Though, as Asger Jorn noted in 1955, ‘detournement is a game made possible by the capacity of devaluation’ (Jorn, cited in Debord). My contention is that even while this ‘devaluation’ may in fact valorise its desired target, there is still potency in its discrediting, even, or perhaps, especially on local scales.
2. Archiving the ‘Dynamic City’
Someday a rain will come and wipe this scum off the streets. – Travis Bickle, Taxi Driver
That's another reason I love New York. Just like that, it can go from bad to cute. – Carrie Bradshaw, Sex and the City
There is no shortage of art about the violent processes of displacement and gentrification, especially as the double-bind of complicity and victimhood prescribed to the artist's role in gentrification becomes better understood. Much of this work, however, carries opaque understandings of the term that popular and academic discourses maintain. Much of this discourse – particularly its ubiquity in conversations from the dinner party to the rally, in mainstream media, and among recent-college graduates who move into ‘up and coming’ neighborhoods – ignores the managed and systematic procedures of this change, and rather tend to perversely naturalise it. As Stein describes:
Gentrification […] is a political process as well as an economic and social one; it is planned by the state as much as it is produced by developers and consumer by the condo crowd. [Urban p]lanners did not invent gentrification, but they helped foster its development and transform it from a local phenomenon into a global business model. (2009: 43 & 49).
This follows from David Harvey's much earlier description of gentrification as a ‘spatial fix’ for capitalism's urban crisis, or Zukin's (1987) formulation ‘a process of spatial and social differentiation’. Consider legacies of the abandonment of the urban centre by industry and manufacturing, a decision made by the ruling classes to racially segregate communities and to target austerity measures on sectors of the city populated by the working class, especially workers of colour. A key point made by Robert Fitch in his The Assassination of New York, is that as the urban centre was cleared of markers of poverty, ‘more city space was produced and coded for urban real estate investment and development’ (1996: 46). While generally understood as a Western post-war phenomenon accompanying the shift to ‘non-productive’ forms of capital accumulation (i.e. financialisation), one of the key take-aways from Fitch's book, and much other literature, is that deindustrialisation began long before the larger national shift to the service economy, and not just in the wealthy Global North. We can see this process has long been spreading into peripheries and ex-urban sites, as well as in cities of the Global South. The breakdown of public space under the aegis of ‘public-private’ partnerships, the vast influence of the real estate lobby, and the pressure to increase land value placed on urban planners are just some of the key characteristics of the alignment between municipal and corporate interests.
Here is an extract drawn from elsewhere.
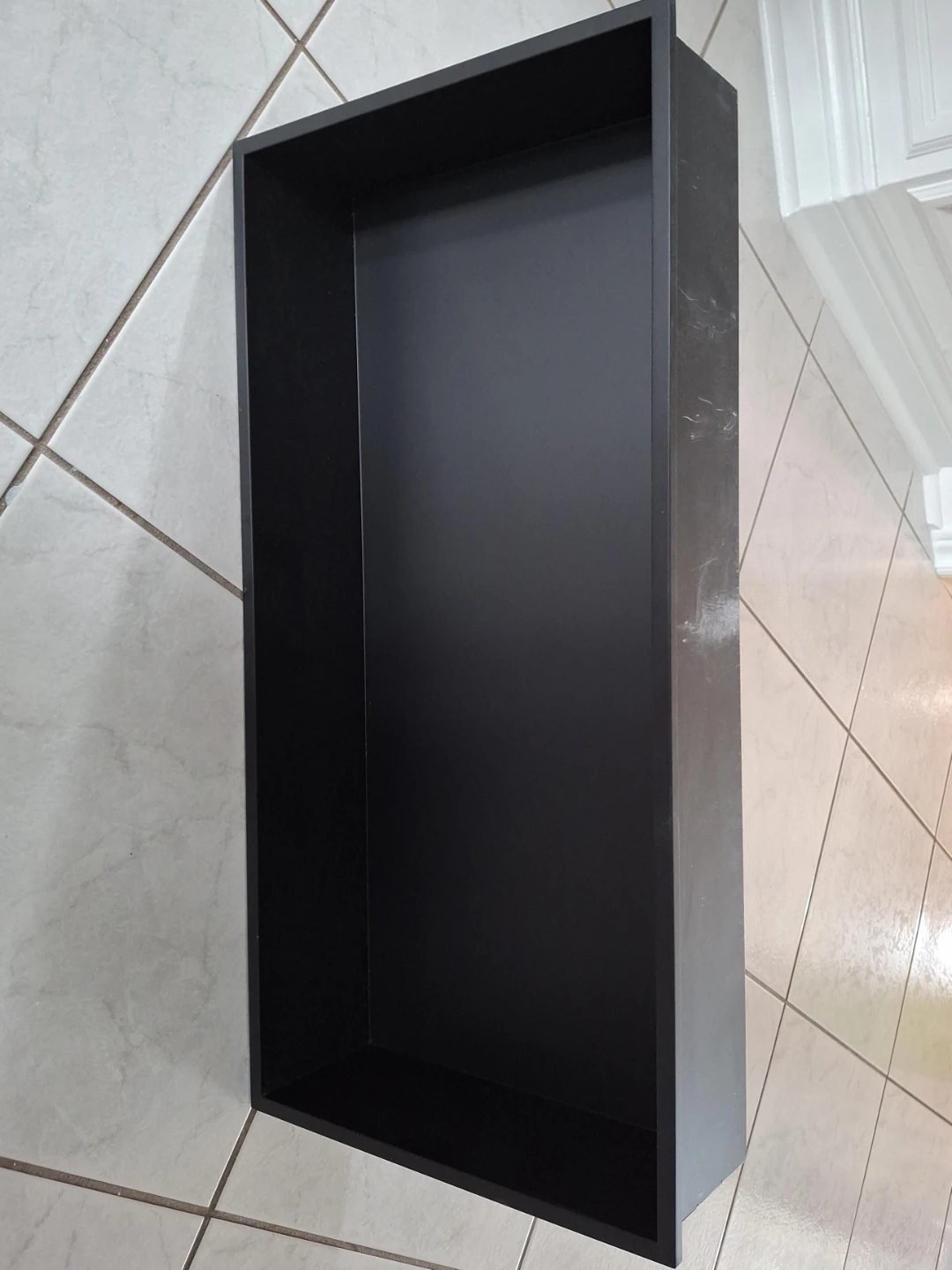 Nadoli SN-2412 Shower Niche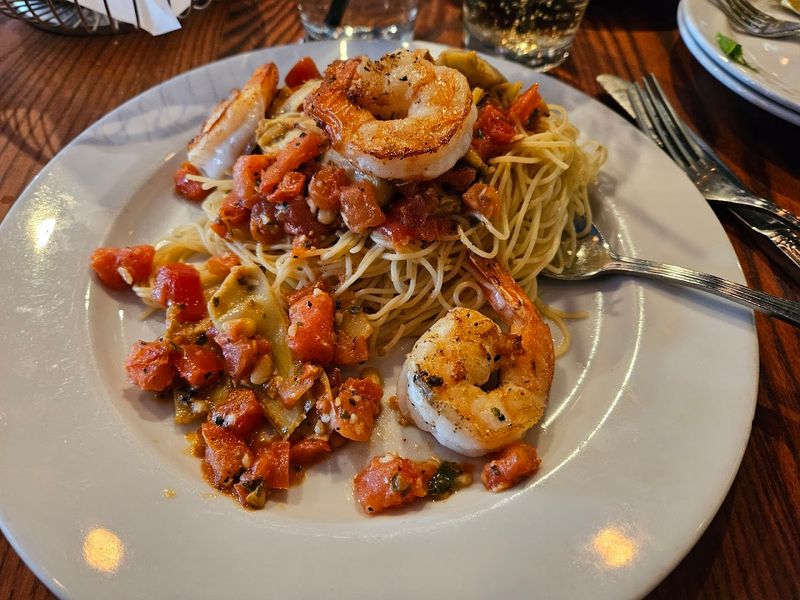 Pasta That Makes You Question Every Other Plate You Have Ever Eaten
It is not an accident that much art (or the work of anti-gentrification and anti-displacement organisers for that matter) that does appreciate the complementariness of austerity and luxury development, often seems like a web sketched by artist Mark Lombardi that tracks the conspiratorial nature of urban planning and municipal governments. Others take a factographic approach, in the way of some post-conceptual photography, that of Martha Rosler for example. Others still, such as the above-cited Shellyne Rodriguez, track the double-bind of artists with regards to gentrification – e.g. they are both the victims and the instruments of displacement. After the creative and cultural capital produced by artists are fully appraised and drained, they are similarly priced out.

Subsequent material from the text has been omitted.